Холм грез. Тайная слава
Шрифт:
– Дорогой мой, я не могу «вчитываться в слова», потому что ты пишешь ужасно старомодным почерком. Другое дело этот текст – все так ясно и четко написано, что сразу становится понятно, о чем идет речь. А что у тебя здесь? Этого я и вовсе разобрать не могу.
– Это латинский гимн.
– Латинский гимн? Значит, не протестантский? Может быть, на твой взгляд, я и старомодна, но я предпочитаю наши славные гимны. А это, по-твоему, ноты? Дорогой мой, ты же начертил только четыре линеечки! И где это видано, чтобы ноты были квадратными или шестиугольными? Что же ты не заглянул в старый сборник твоей бедной матушки? Он лежит в гостиной, в шкапчике. Если хочешь, я покажу тебе, как рисуют ноты: главное – не забыть четвертые и восьмые доли.
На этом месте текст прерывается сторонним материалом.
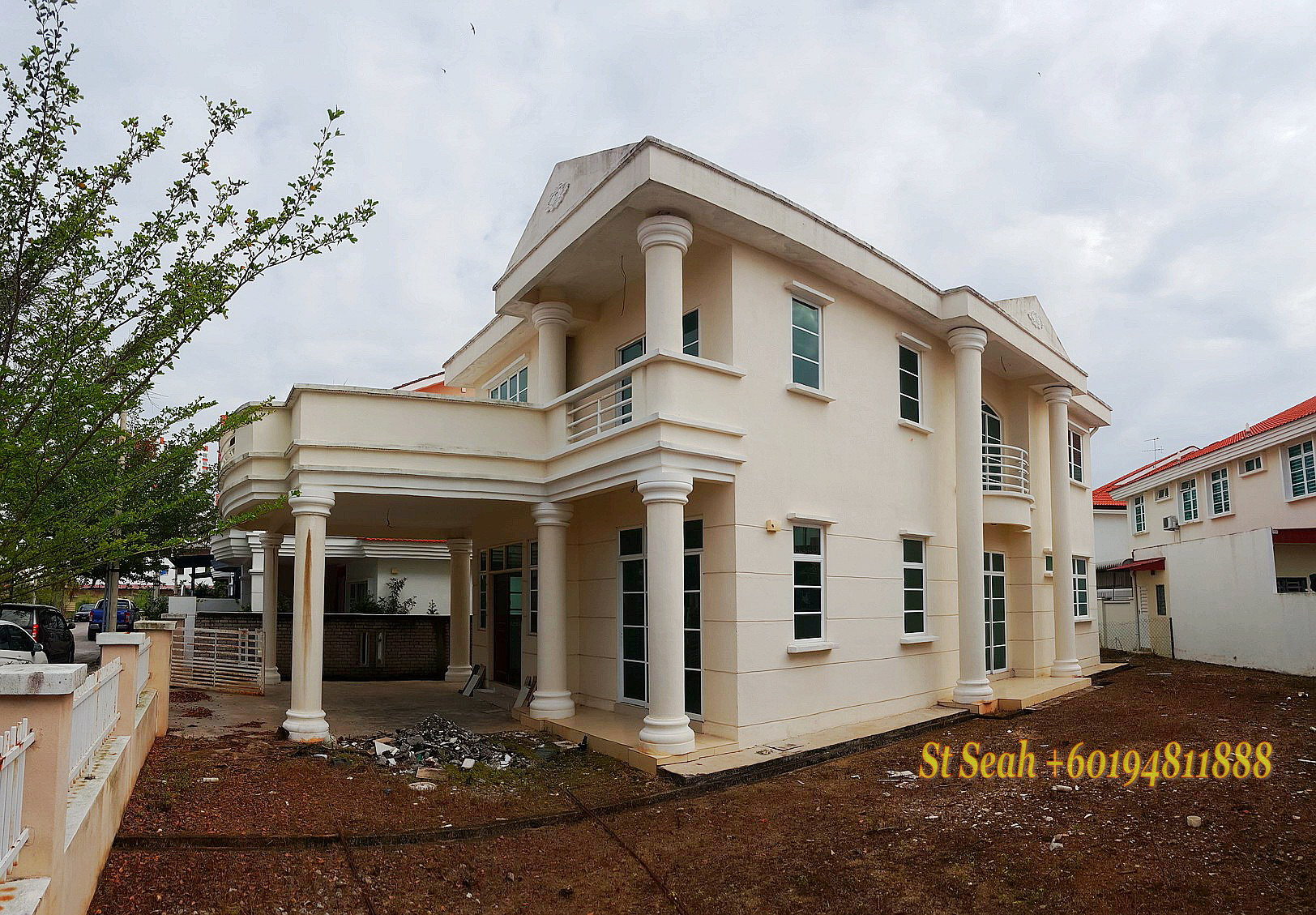 Taman Saujana Permai Kota Permai image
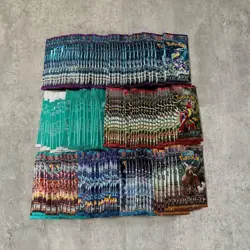 Pokemon Trading Card Game Booster Pack Lot Unopened 146 Packs Bulk Collection - Image 1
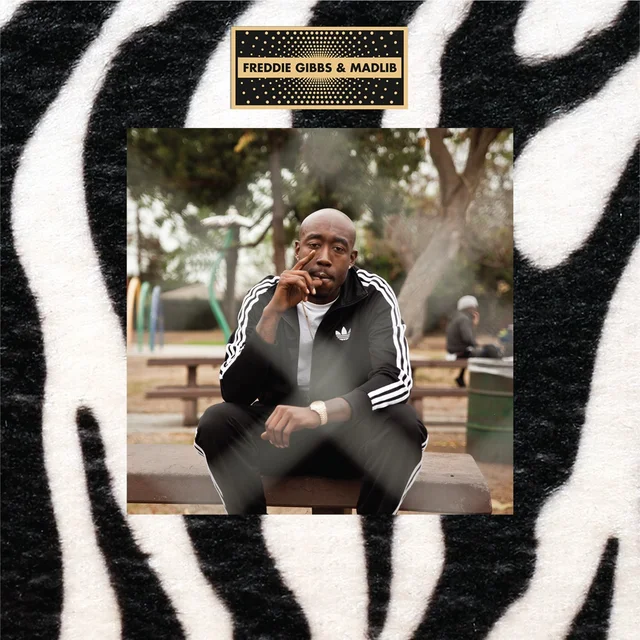 Freddie Gibbs & Madlib Pinata (LP) 
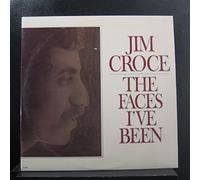 JIM CROCE - FACES I'VE BEEN LP (VINYL) UK LIFESONG 1975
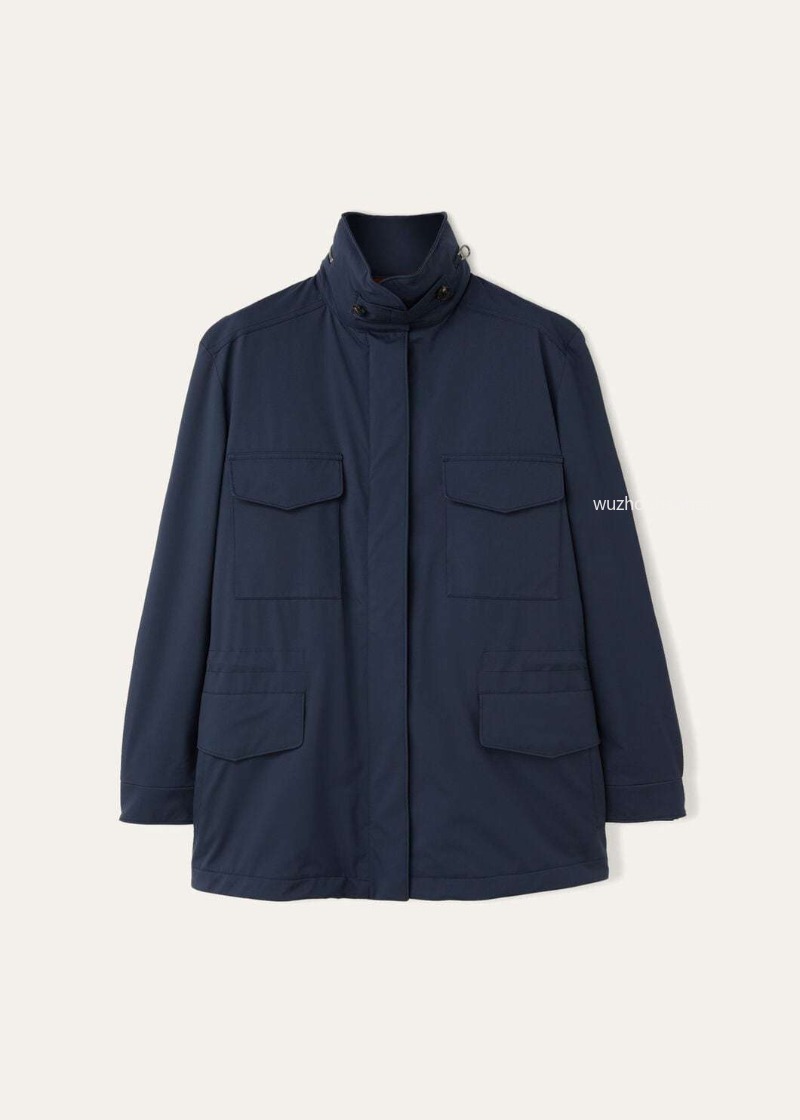 Women Coats Winter Traveller Windmate Jacket Hooded Loose Zipper Windbreaker L1289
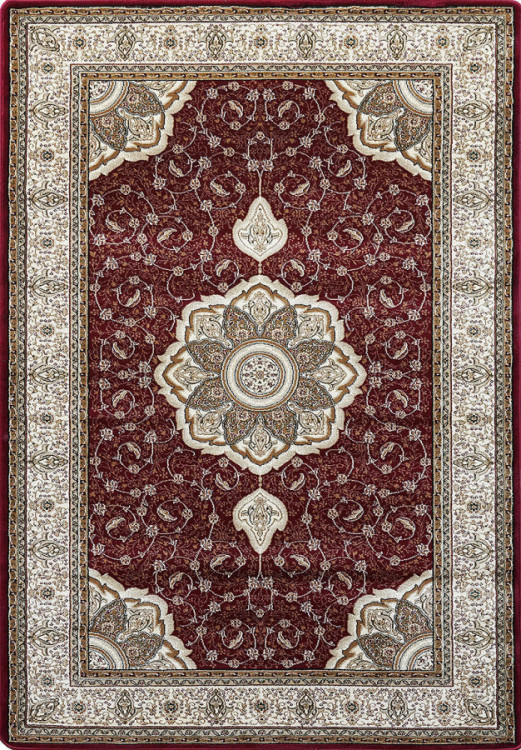 Kusový koberec Anatolia 5328 B (Red) č.1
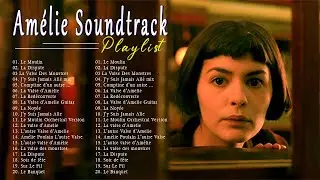 Amélie Poulain Soundtrack♥ Comptine d'Un Autre Été Die ♥ Fabuleux Destin d'Amélie Poulain OST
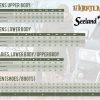 Harkila-Seeland Size Guide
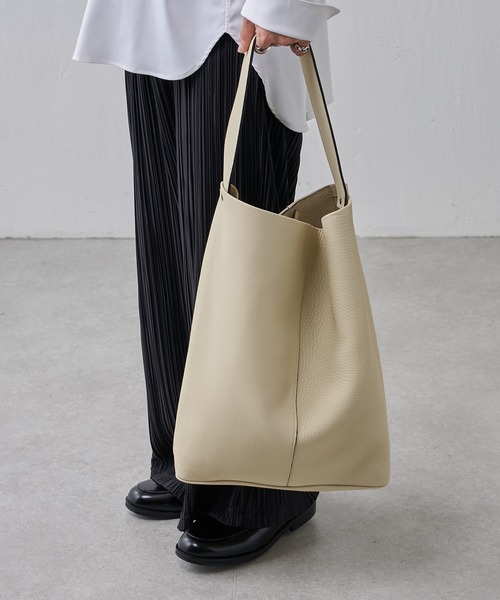 「ITTI」 トートバッグ FREE ブラック メンズ_画像8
С горестным вздохом мисс Дикон отложила переписанный Луцианом «Urbs beata» [2] – она была убеждена, что ее племянник – «полный дурак».
Луциан же спустился в сад и, укрывшись за изгородью, дал волю своему гневу – перевернул пару цветочных горшков и поколотил тростью яблоню. Слегка
2
«Прекрасный град» (лат.).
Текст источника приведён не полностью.